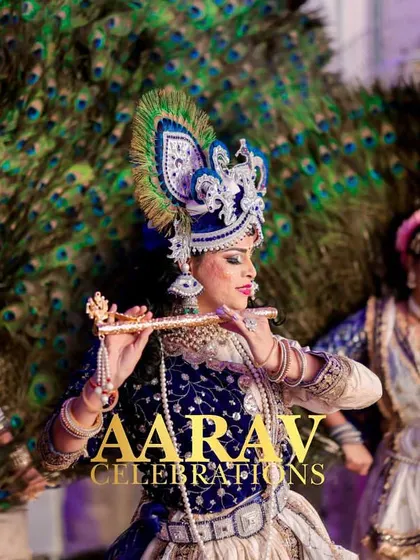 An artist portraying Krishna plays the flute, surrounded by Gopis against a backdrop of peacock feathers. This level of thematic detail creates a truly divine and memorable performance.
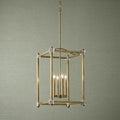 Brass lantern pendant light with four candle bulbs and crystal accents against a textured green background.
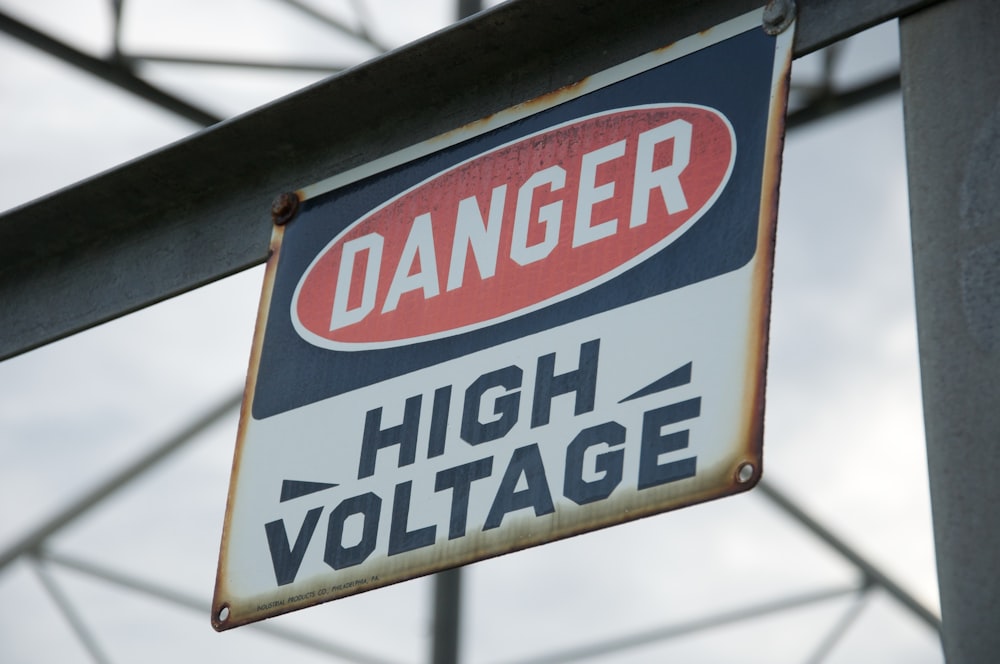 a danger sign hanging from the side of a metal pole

****************

WHAT TO DO — The pictures stay out; copy the rest of the data word for word.

TASK RESPONSE —
 An artist portraying Krishna plays the flute, surrounded by Gopis against a backdrop of peacock feathers. This level of thematic detail creates a truly divine and memorable performance.
 Brass lantern pendant light with four candle bulbs and crystal accents against a textured green background.
 a danger sign hanging from the side of a metal pole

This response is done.